This story is almost unbelievable. The scam was set up at AIG and involved a VP of HR. From Workforce Management (my editing):
Federal authorities have charged a former human resources vice president of American International Group Inc. and three accomplices with defrauding the insurer of $1.1 million with phony bills for employee search services.
According to a federal criminal complaint, Falcetta moved from Philadelphia to New York to take his job with AIG in September 2005. His duties included managing contracts with employee search firms, and he had the authority to add firms to AIG’s approved list of vendors and to pay vendor bills up to $50,000.

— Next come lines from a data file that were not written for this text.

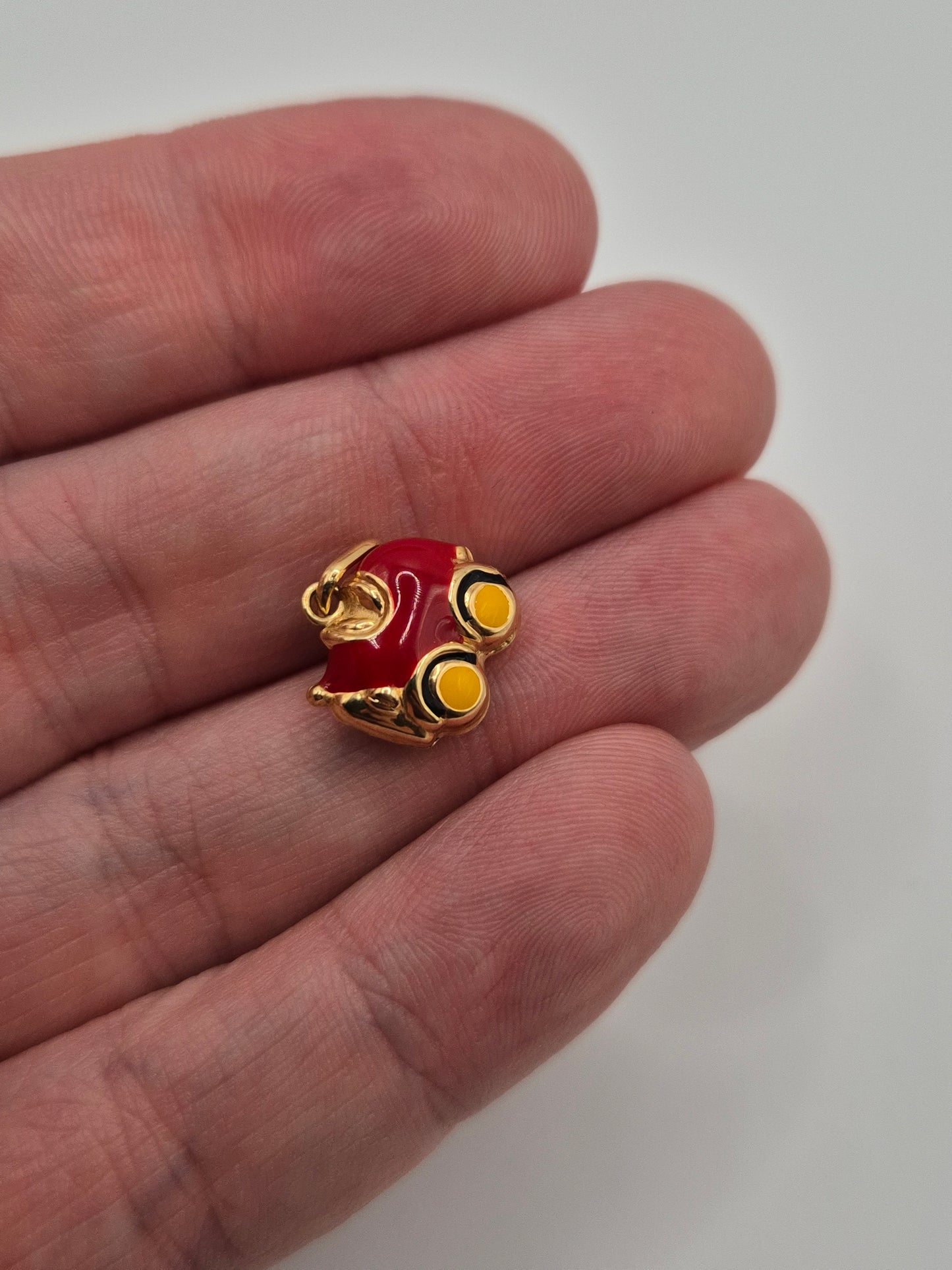 9ct gold enamelled car charm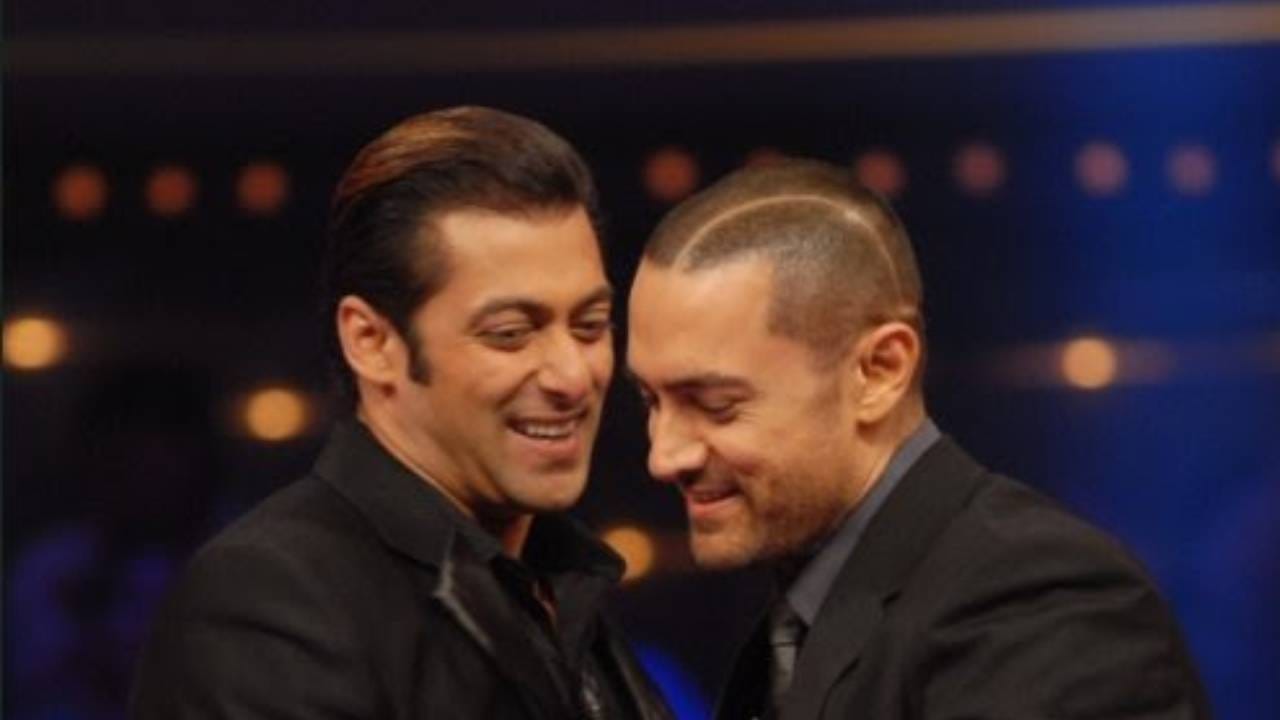 सलमान खानच्या 'दस का दम शो'मध्ये बोलताना आमिर खान म्हणाला की, मी ज्या अभिनेत्रींच्या हातावर थुंकलो त्या अभिनेत्री करिअरमध्ये यशस्वी ठरल्या, हे मजाकमध्ये बोलताना आमिर खान दिसला.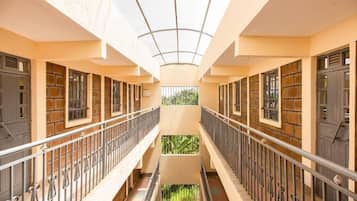 Lejlighed - balkon - byudsigt | Overnatningsstedets område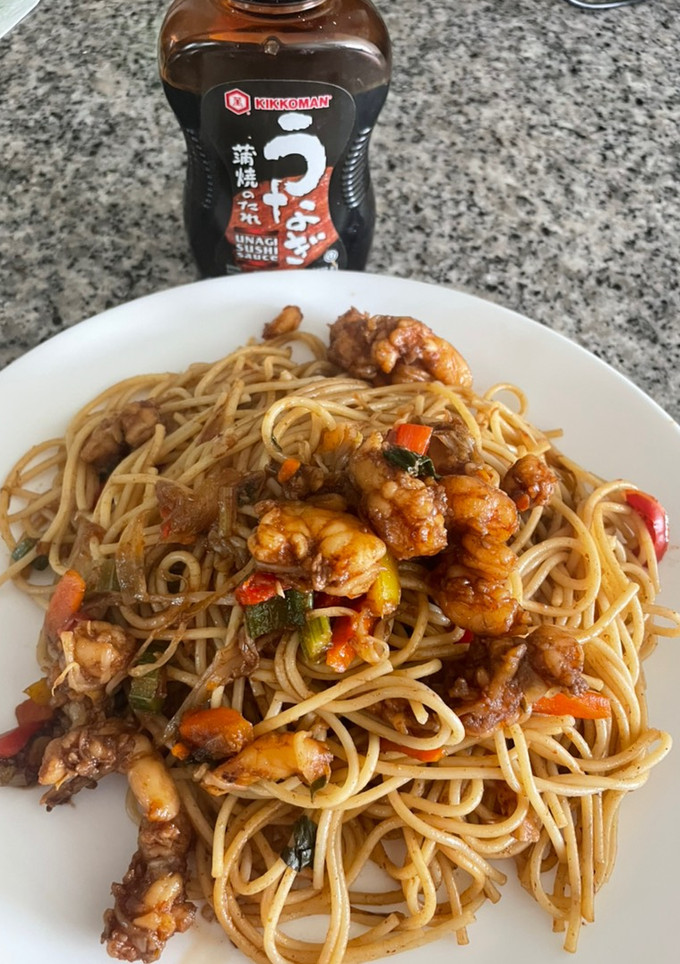 Una foto de Pasta con camarones 🍤 estilo Oriental 🫶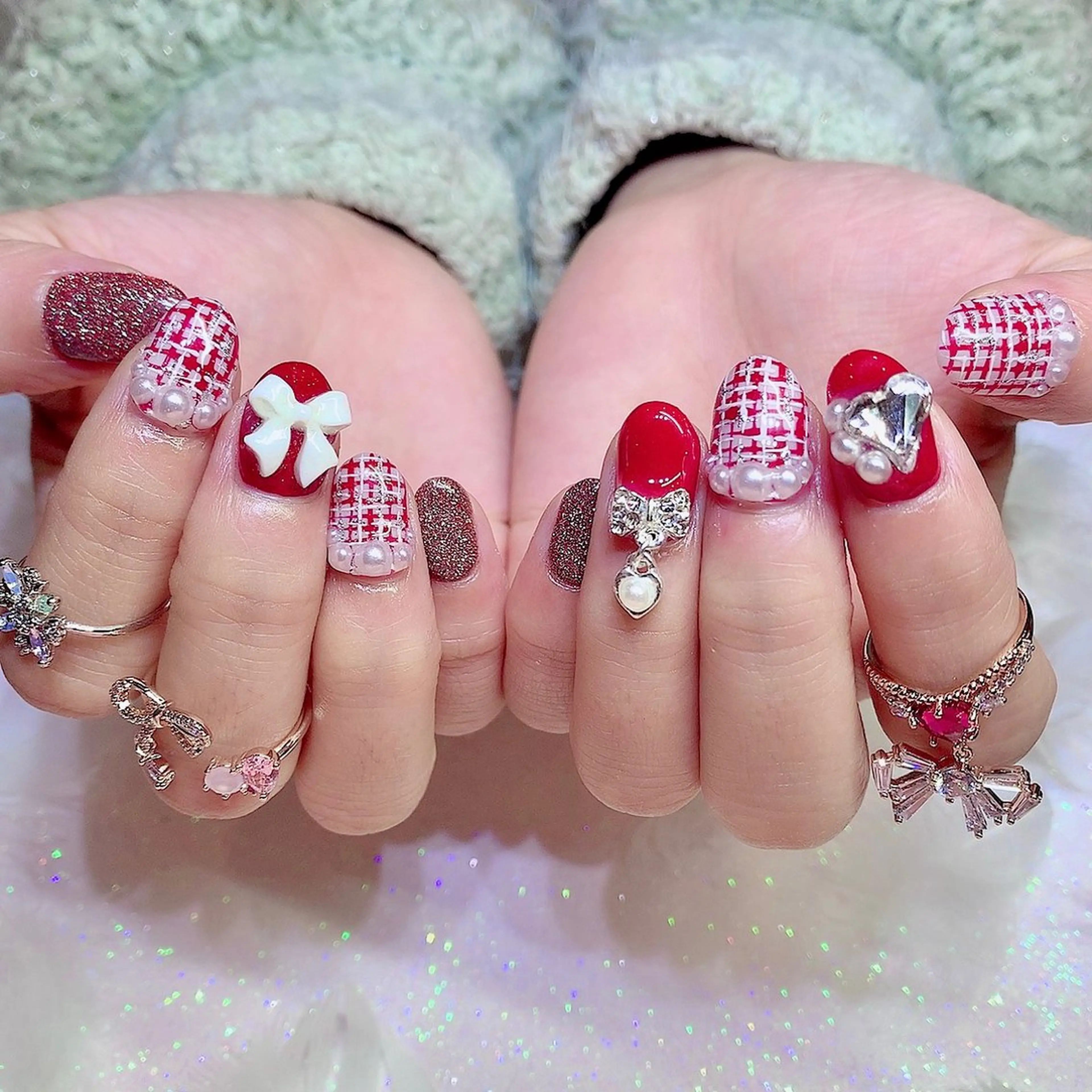 ネイル フラッシュネイル キラキラネイル 韓国ネイル 持ち込み 赤色 シェアサロンLei.g(レイジー)所属・3Dアートネイル💗 都築レナのネイルデザイン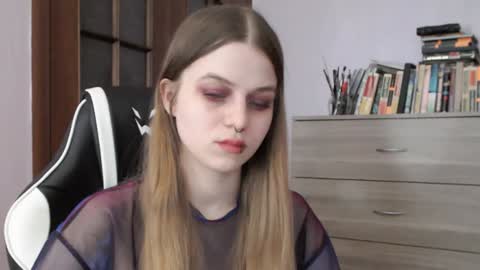 Lily online show from 12-30-24, 06:20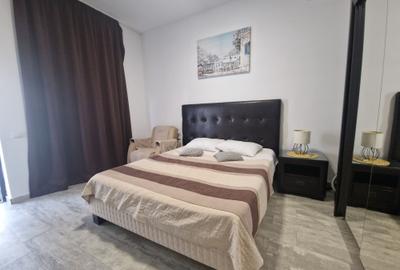 Mamaia Sat - Garsoniera mobilata-utilata,  etaj 1, bloc stradal la Blvd Mamaia - 5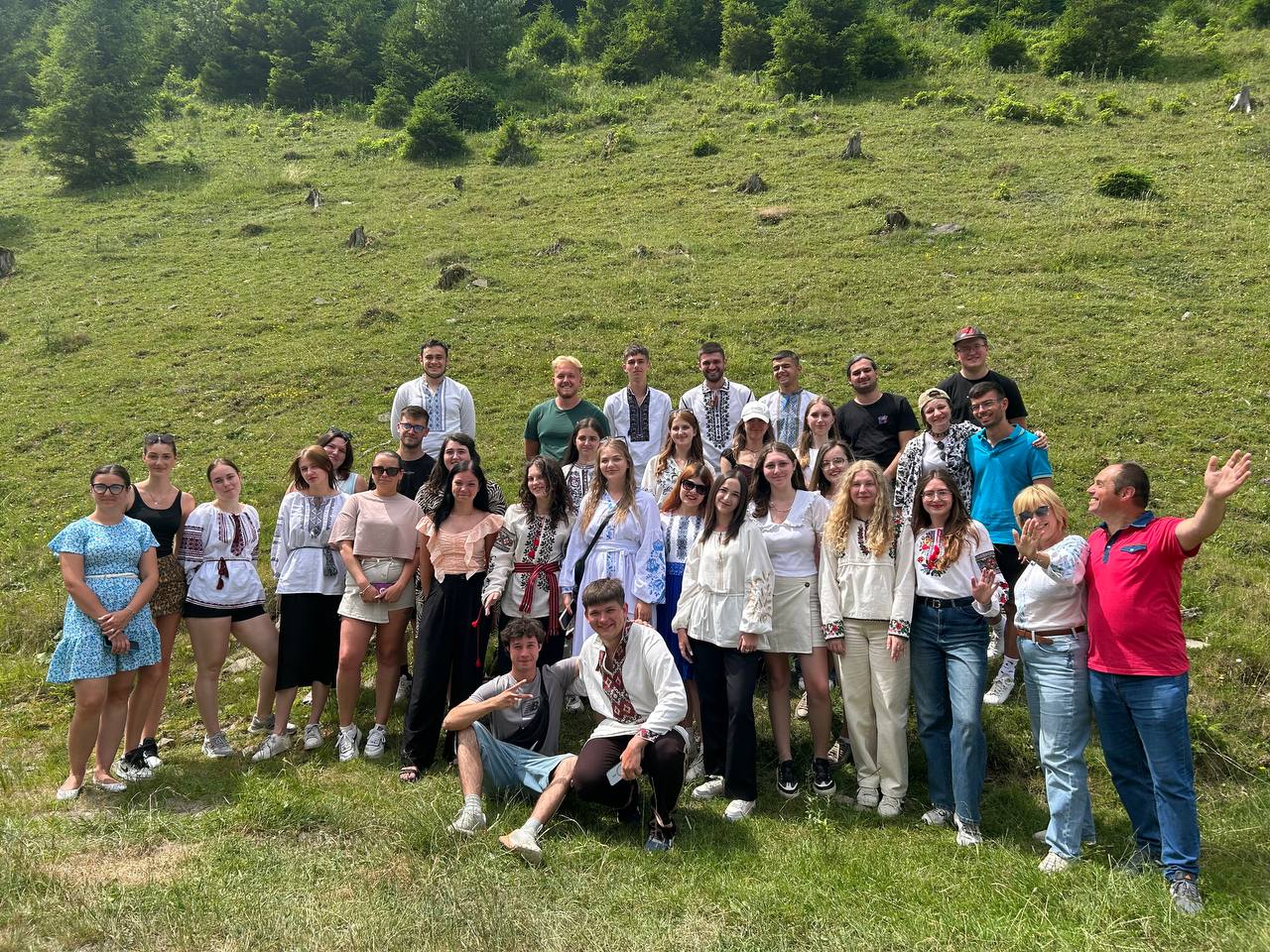 Root4Dig Літній студентський табір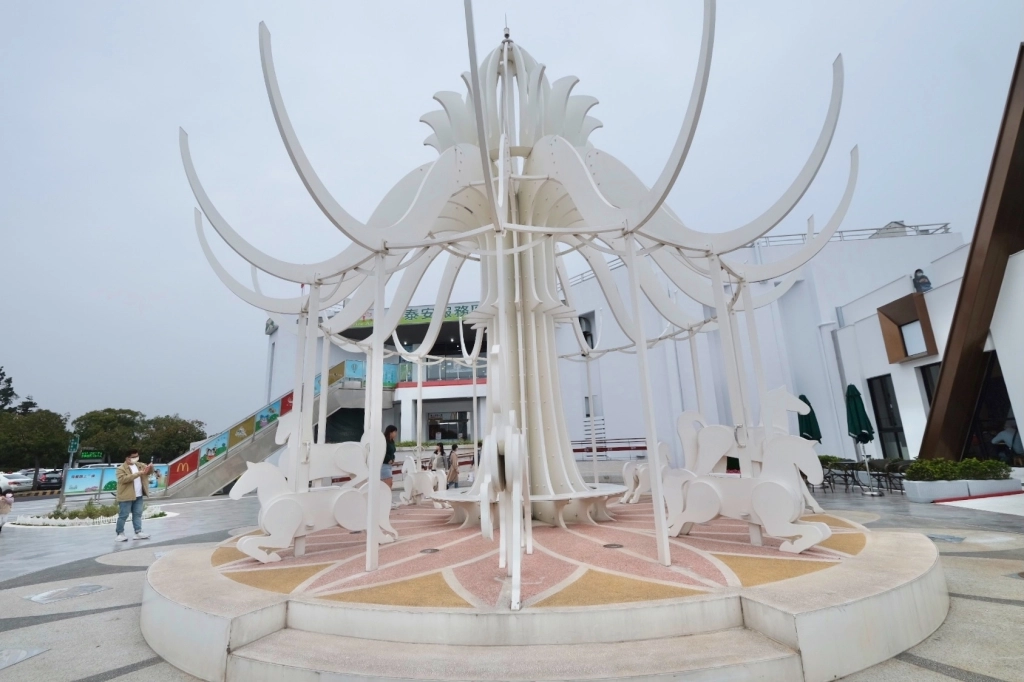 台中后里｜星巴克泰安南門市，夢幻的積木城堡和浪漫的旋轉木馬，泰安休息站裡的星巴克門市 @飛天璇的口袋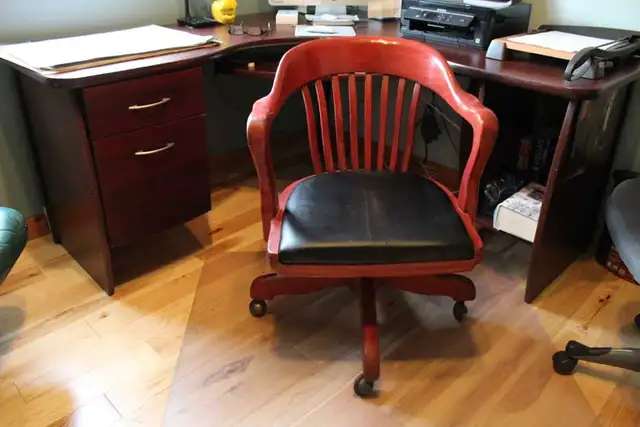 Chaise de banquier en bois antique,(1940)A1, fait pour durer.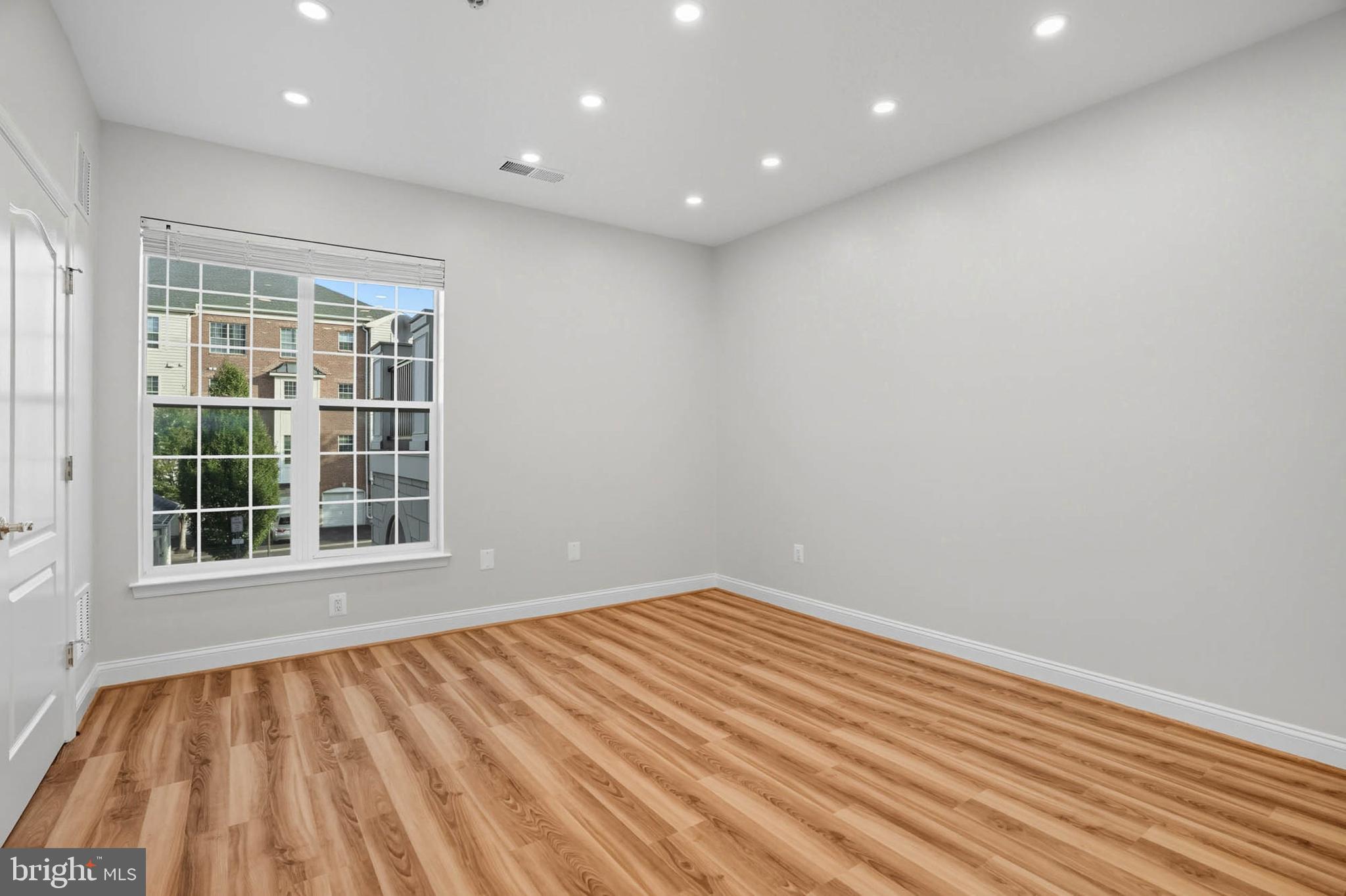 RIVER HILL - Residential Lease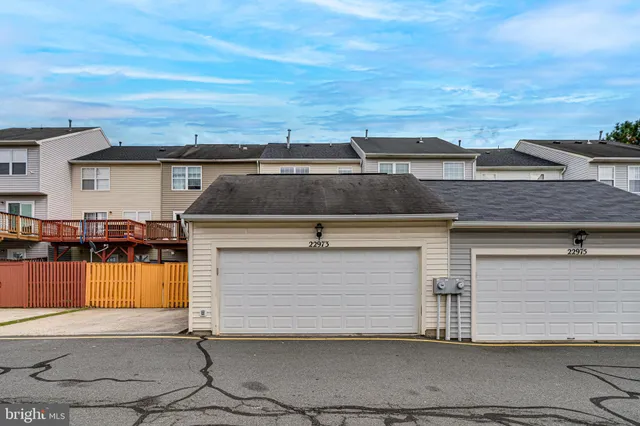 $575,000 | 22973 Whitehall Terrace, Sterling, VA 20166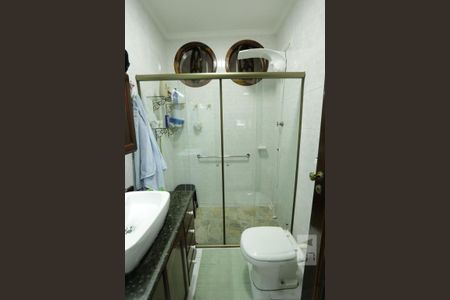 Casa para alugar com 250m², 3 quartos e 2 vagasBanheiro 2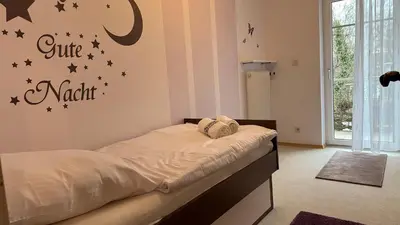 Ein Bett oder Betten in einem Zimmer der Unterkunft Oase1 mit Parkplatz, Automatische Kaffeemaschine und Küche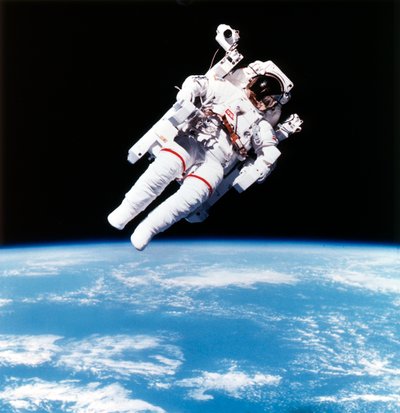 US-Astronaut Bruce McCandless beim Weltraumspaziergang, 1984 von Unbekannt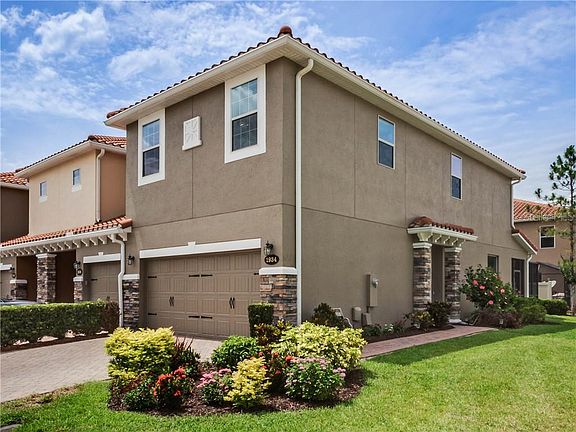 3rd image of 1934 Silverweed Way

Over the next two years, until AIG terminated him in August, Falcetta approved payments to bogus headhunter firms set up by Santone, Pombonyo and Broadbent, authorities allege. Those payments included $320,525 to G. Santone Associates, run by Santone; $674,886 to two firms, Enterprise Business Group and Global Search Affiliates Inc., run by Pombonyo; and $120,000 to Broadbent Advisory Group, run by Broadbent, the complaint says.
The four companies then kicked back $462,476 to Human Capital Management Partners, an entity Falcetta had created, authorities charge.
None of the search firms actually performed any work for AIG, and at least some of them appear to exist only on paper, the complaint suggests.
It never ceases to amaze me how criminals will go to such lengths to set up a scam. Imagine if they used their skills for a legitimate enterprise.